Lebanon's Shiite Hezbollah and Iraq's Sunni Al-Qaeda, both Muslim; both hate Israel; both hate the United States; both on America's list of terrorist groups ... One would think they could get along.
There is a growing divide in the Middle East between Sunni Muslim extremists, including Zarqawi's group, and Shiite Muslim militants personified by Hezbollah.
Many see the emerging tensions as a dangerous trend that could lead to violent Shiite-Sunni conflict not just in Iraq but around the Persian Gulf.
What's unknown yet is whether Zarqawi's death could help ease the tensions. source
Zarqawi's death will not help the situation, as Abu Ayyub al Masri (a/k/a Abu Hamza al-Muhajir), the new leader of al-Qaeda in Iraq who now has a $5 million dollar bounty on his head, has already begun his campaign against the Shiites in Iraq. Also not a good sign is Osama Bin Laden's second tape in one week yesterday, where he complains about the Sunnis being killed. He calls upon Shiites to fight against them both in Iraq and in Somalia.
His [Zarqawi] goal was to create a Sunni Muslim religious-based government in Iraq, and he believed "that could only be achieved with the defeat of any Shiite-led Iraqi government," Richard Evans, terrorism editor at Jane's Information Group in London, said.

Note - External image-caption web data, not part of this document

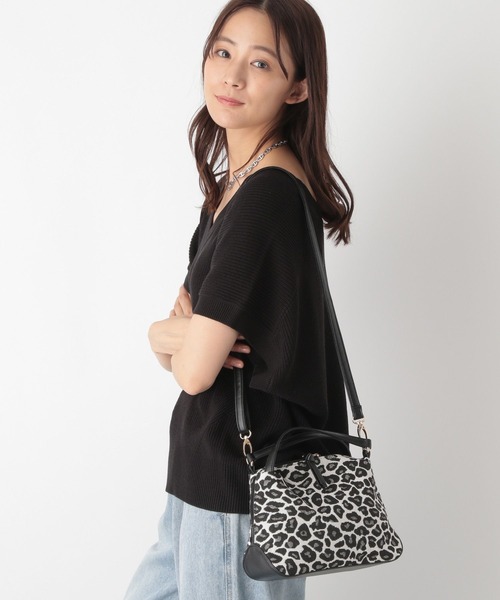 GLOBAL WORK(グローバルワーク)の「スペ軽お財布ショルダー/132336(ショルダーバッグ・レディース・シルバー/ブラック/レオパード/アニマル/アイボリー系8/ホワイト・ONE SIZE)」の12枚目の写真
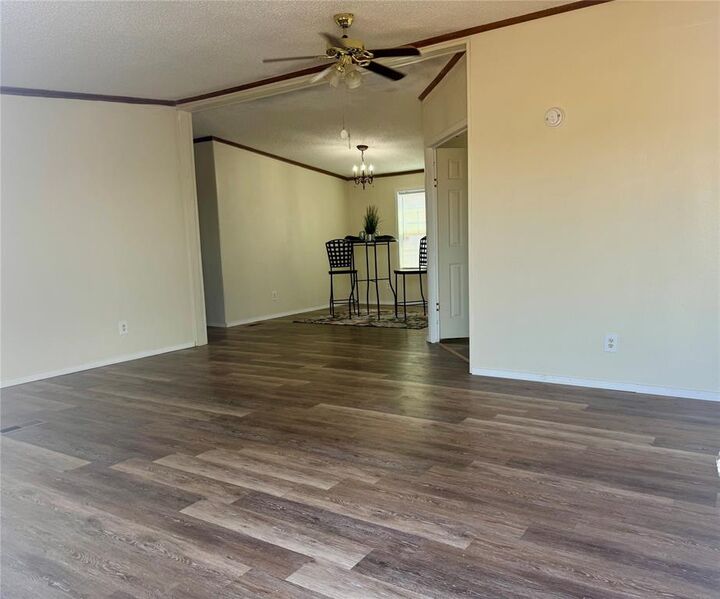Property Photo: 1411 County Street 2882 OK 73018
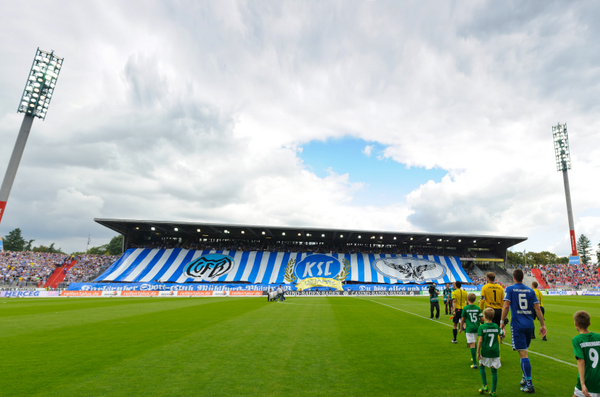 KarlsruherSC's tweet photo. Außergewöhnliche #Choreo unserer Fans gestern beim Spiel gegen den @FCH1846: http://t.co/fC5oXfi1xU #nurderksc #KCFCH http://t.co/JkY9mhd5pP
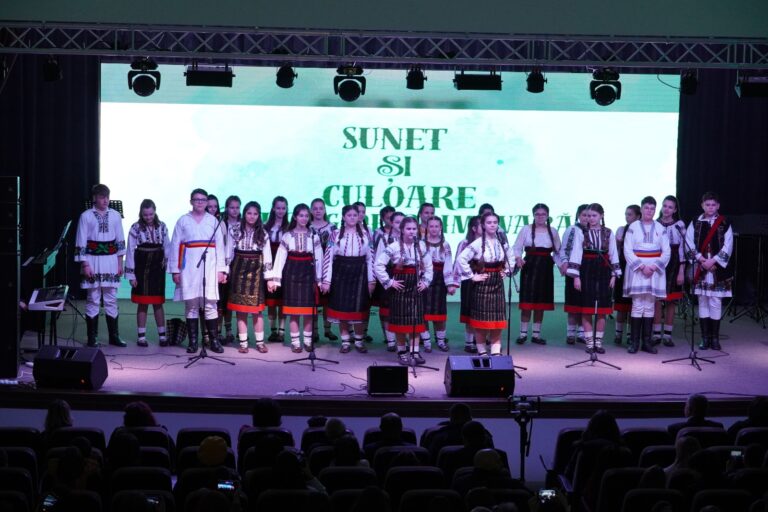 FOTO Concertul „Sunet și culoare în prag de primăvară” a umplut Centrul Cultural „Sofia Vicoveanca” din Vicovu de Jos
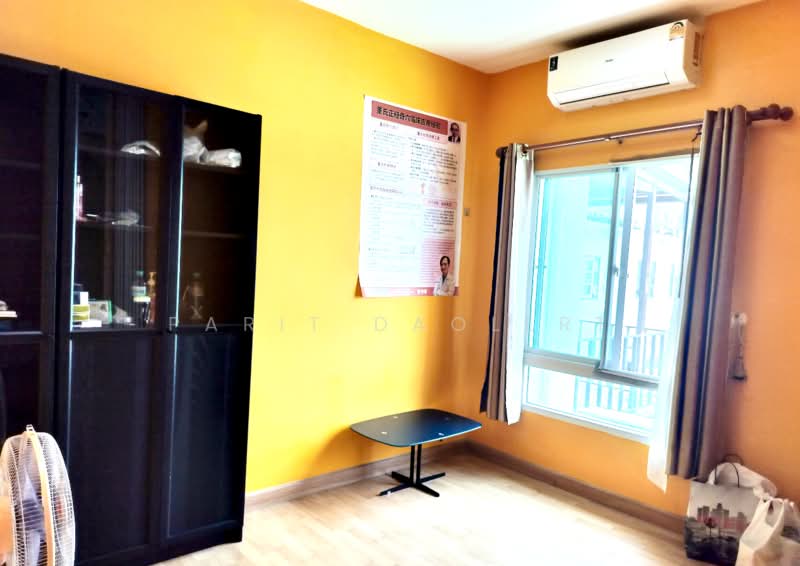 Baan Klang Muang Ratchada 36, Bangkok, Ratchadaphisek 36 Intersection 9-3-6, Chan Kasem, Chatuchak, Bangkok, 4 Bedrooms, 200 sqm, Townhouse For Rent, by Parit Daolert, 500233956 - DDproperty.com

Thus, he tried to kill Shiites in Iraq, which is now ruled by a Shiite-led government.
Zarqawi also may have worried that Hezbollah was too popular among Arab Sunnis - that it was his rival for Sunnis' affections across the region - because of its fight against Israel.

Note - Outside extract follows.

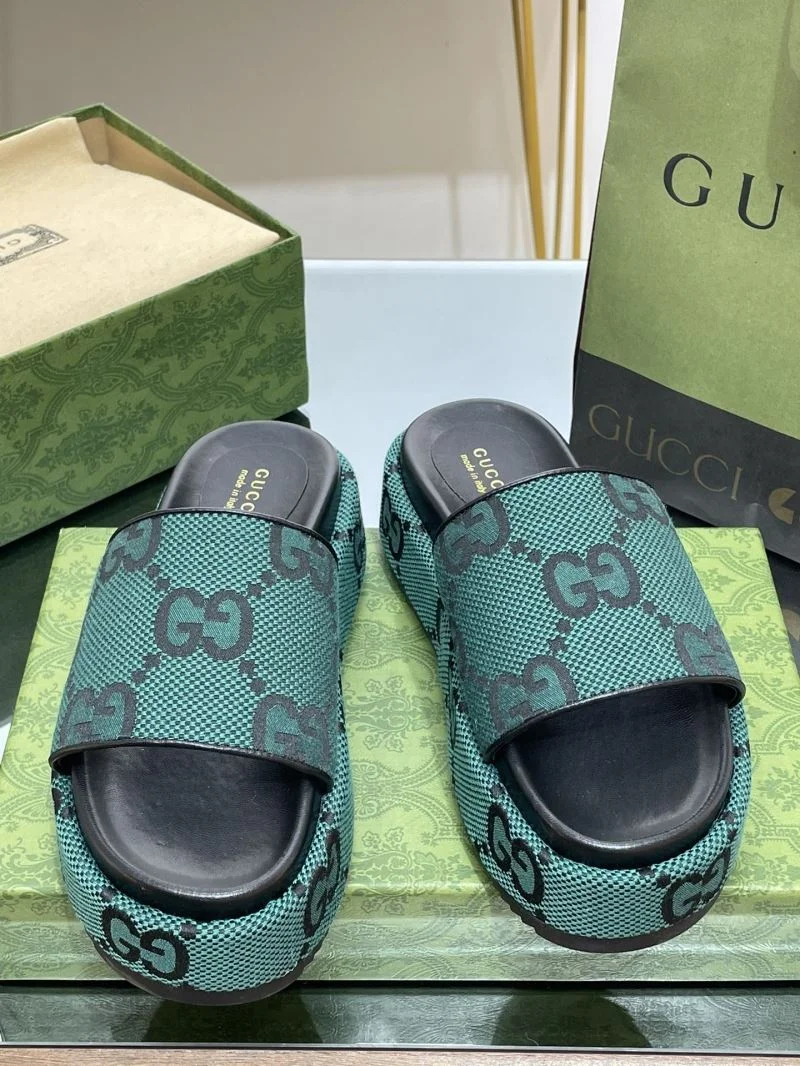 Stylish Gucci Slippers 24675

Hezbollah has wide political support among Arabs because it spearheaded the guerrilla warfare against Israel's 18-year occupation of a buffer zone in southern Lebanon, which ended with an Israeli withdrawal in 2000. source
Hezbollah doesn't want this Sunni--Shiite war that Zarqawi tried to instigate. Hezbollah's political bureau member in charge of international relations, Nawaf al-Mussawi said, "His [Zarqawi] criminal acts are aimed at igniting civil wars and inciting sectarian fighting, ... We will not permit the United States, Israel or its tools [Zarqawi] to kindle any kind of conflict in Lebanon, between Christians and Muslims or between Shiites and Sunnis."

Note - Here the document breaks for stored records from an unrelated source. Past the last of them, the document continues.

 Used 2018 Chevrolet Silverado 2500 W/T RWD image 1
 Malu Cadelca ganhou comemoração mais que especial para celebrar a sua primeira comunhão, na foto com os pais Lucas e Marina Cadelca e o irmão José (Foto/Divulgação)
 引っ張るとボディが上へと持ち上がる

Osama bin Laden tells fighters in Iraq that they are "God's trusted soldiers who will liberate [Muslims] from the serfdom of the crusaders", while he also begs for more fighters and more money.
Bin Laden is now instructing his fundamentalist Sunni strain, called Wahhabi or sometimes called Salafist, followers to fight against the Shiites. He warns the world community against sending troops to Somalia where the Council of Islamic Courts has taken control and already set up sharia law.
"We will fight [US] soldiers on the land of Somalia... and we reserve the right to punish it on its land and anywhere possible," the speaker says.
"We warn all of the countries in the world not to respond to America by sending international troops to Somalia."
The speaker condemns Abdullahi Yusuf Ahmed, president of Somalia's secular interim government, as a "traitor" and "renegade".
The Council of Islamic Courts is led by Sheikh Hassan Dahir Aweys who has been on the US list of people "linked to terrorism" since shortly after the 11 September 2001 attacks. source
It is not clear whether the Islamists in Somalia will welcome any connection with bin Laden, since they are trying to convince the world they are not 'terrorists'.